Wancai Zheng¹, Hao Chen², Xianlong Lu¹, Linlin Ou¹, Xinyi Yu^1*,

¹Zhejiang University of Technology.
²Zhejiang University.
^*Corresponding author

Object navigation is a core capability of embodied intelligence, enabling an agent to locate target objects in unknown environments. Recent advances in vision–language models (VLMs) have facilitated zero-shot object navigation (ZSON). However, existing methods often rely on scene abstractions that convert environments into semantic maps or textual representations, causing high‑level decision making to be constrained by the accuracy of low‑level perception. In this work, we present 3DGSNav, a novel ZSON framework that embeds 3D Gaussian Splatting (3DGS) as persistent memory for VLMs to enhance spatial reasoning.

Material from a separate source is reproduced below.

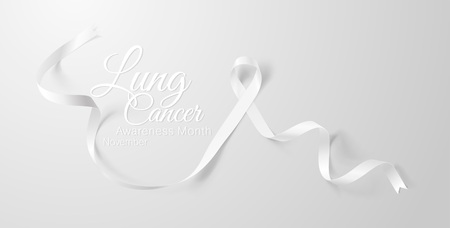 Lung Cancer Awareness Calligraphy Poster Design. Realistic White Ribbon. November is Cancer Awareness Month. Vector Illustrationのイラスト素材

Through active perception, 3DGSNav incrementally constructs a 3DGS representation of the environment, enabling trajectory-guided free-viewpoint rendering of frontier-aware first-person views. Moreover, we design structured visual prompts and integrate them with Chain-of-Thought (CoT) prompting to further improve VLM reasoning. During navigation, a real‑time object detector filters potential targets, while VLM‑driven active viewpoint switching performs target re‑verification, ensuring efficient and reliable recognition. Extensive evaluations across multiple benchmarks and real‑world experiments on a quadruped robot demonstrate that our method achieves robust and competitive performance against state‑of‑the‑art approaches.